I can see how to prove this if x is an integer.

Since we know that each \frac{k}{n}<\ 1, \ \lfloor x\ +\frac{k}{n}\rfloor\ =\ x since x is an integer and x + k/n < x + 1. The LHS becomes nx.

Since x is an integer, the RHS is also nx.

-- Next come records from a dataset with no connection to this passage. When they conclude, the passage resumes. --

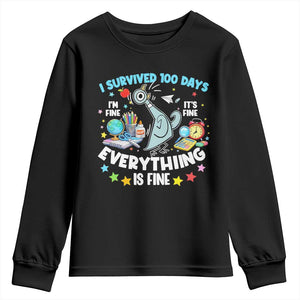 I Survived 100 Days Of School Youth Sweatshirt Funny Pigeon 100th Day Teacher TS10 Black Print Your Wear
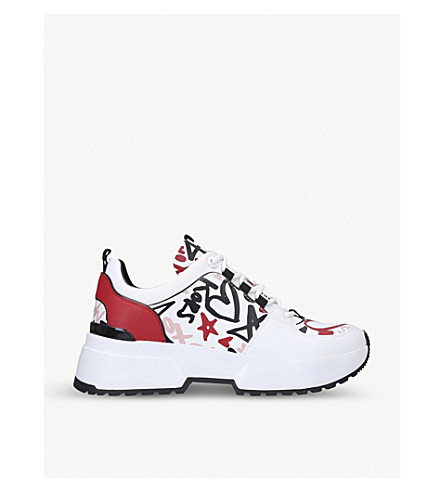 cosmo printed leather trainer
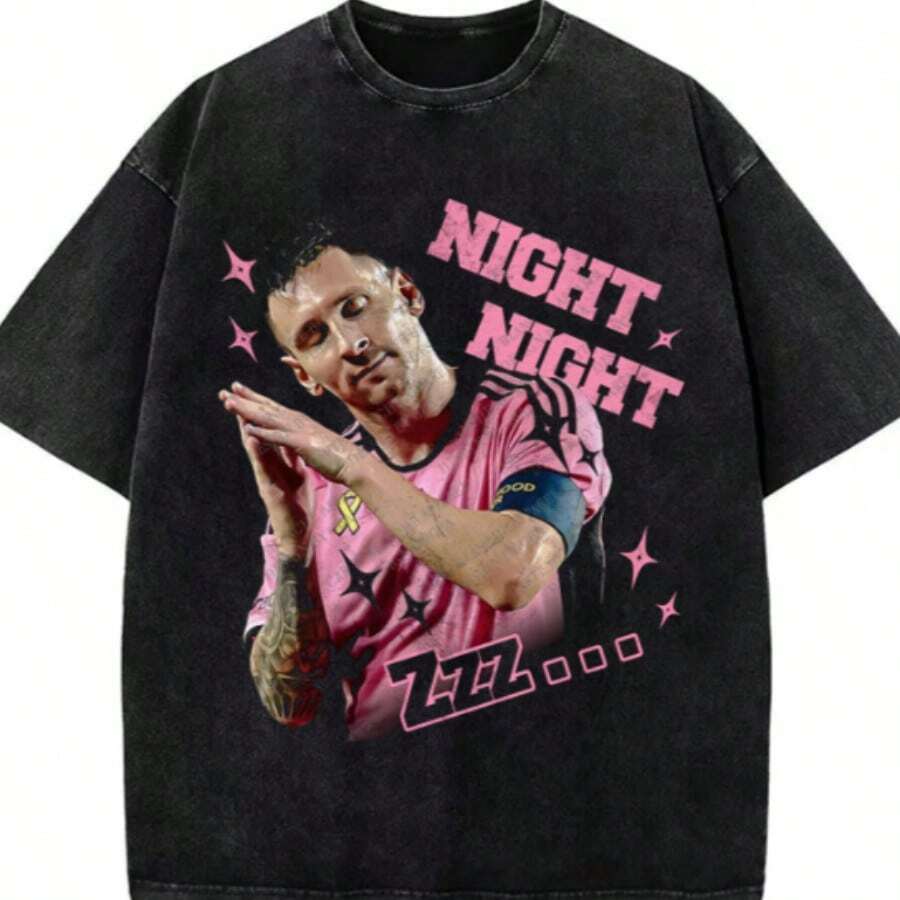 Lionels Messis Night Night Celebration Celly Greatest Of All Time GOAT T-Shirt. - màu đen - Xem 1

Proving the same when x is an integer.

How do I prove this when x is a real number?

Vivekanand Vellanki

Lets prove this for a real number.

Let x = m + f; where m is an integer and 0 < f < 1.

Further, lets assume that k is the smallest integer such that the following is true:

x\ +\ \frac{k}{n}\ge m+1.

This implies that x\ \ge m\ +\ 1\ -\frac{k}{n}\ \Rightarrow\ x\ \ge m\ +\ \frac{n\ -\ k}{n}.

Evaluating the left hand side:

Given that k is the smallest integer with the above property, all integers from k to n - 1 also have the above property.

Also, given that k is the smallest integer with this property, we know that:

x+\frac{k-1}{n}\le m+1

Hence, in the summation, the first k elements (from 0 to k - 1) are m; and the remaining n - k elements are m + 1.

Hence, LHS = km\ +\left(n-k\right)\left(m\ +1\right)\ =\ km\ +\ nm\ +n\ -\ km\ -k\ =nm\ +\left(n\ -k\right)

Evaluating the RHS; we know that:

m+\frac{n\ -\ k}{n}\le\ x\ <\ m\ +\ \frac{n\ +\ 1\ -k}{n}

Multiplying by n, we get:

nm+n-k\ \le\ nx\ <\ nm+n+1-k

Hence, \ \lfloor nx\rfloor=mn+n-k

This proves the summation.